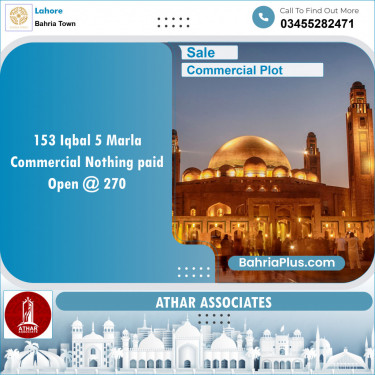 Commercial Plot for Sale in Sector E - Iqbal Commercial -  Bahria Town, Lahore - (BP-148666)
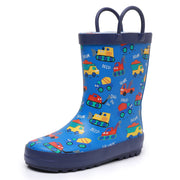 Boys Waterproof Cartoon Car Slip-On Rain Boots All-Season Non-Slip Wellies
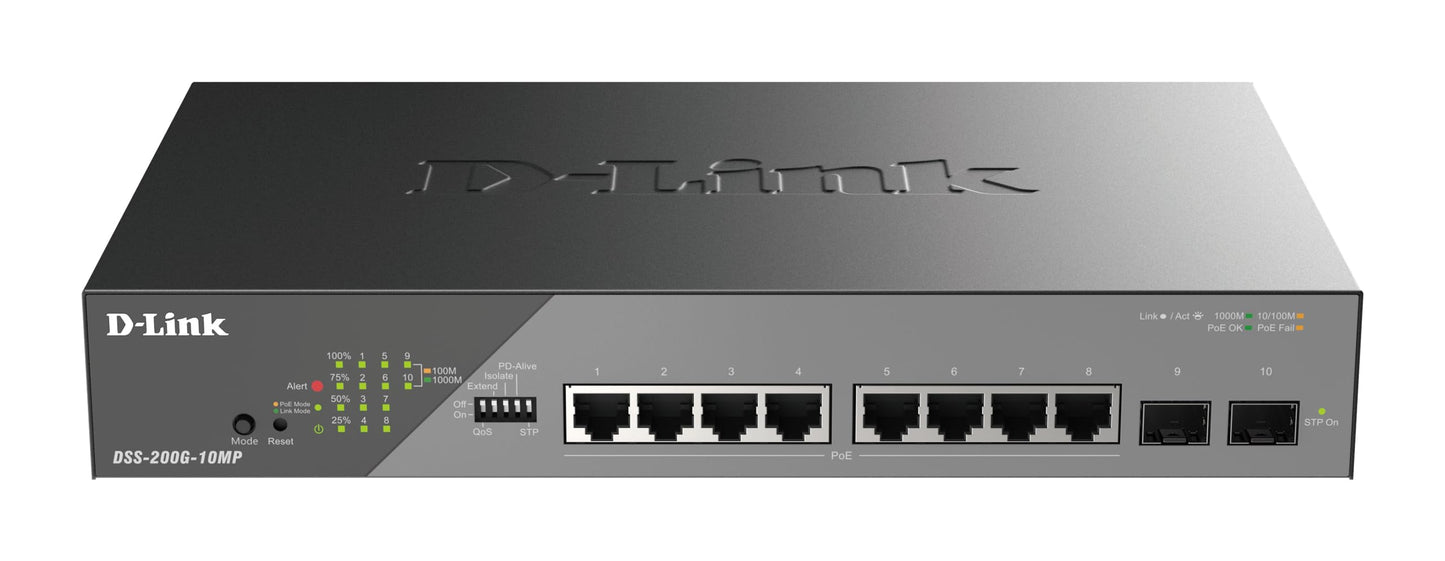 D-Link DSS-200G-10MP/B 10-Port Gigabit PoE+ Smart Surveillance Switch 8x 1000BASE-T PoE+ and 2x SFP, 802.3af/at, 130W PoE budget, Extend to 250m,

• **TASK TO CARRY OUT**
Repeat all of the listing above word for word, and exclude the pictures.

• **EXERCISE RESULT**
 Commercial Plot for Sale in Sector E - Iqbal Commercial -  Bahria Town, Lahore - (BP-148666)
 Boys Waterproof Cartoon Car Slip-On Rain Boots All-Season Non-Slip Wellies
 D-Link DSS-200G-10MP/B 10-Port Gigabit PoE+ Smart Surveillance Switch 8x 1000BASE-T PoE+ and 2x SFP, 802.3af/at, 130W PoE budget, Extend to 250m,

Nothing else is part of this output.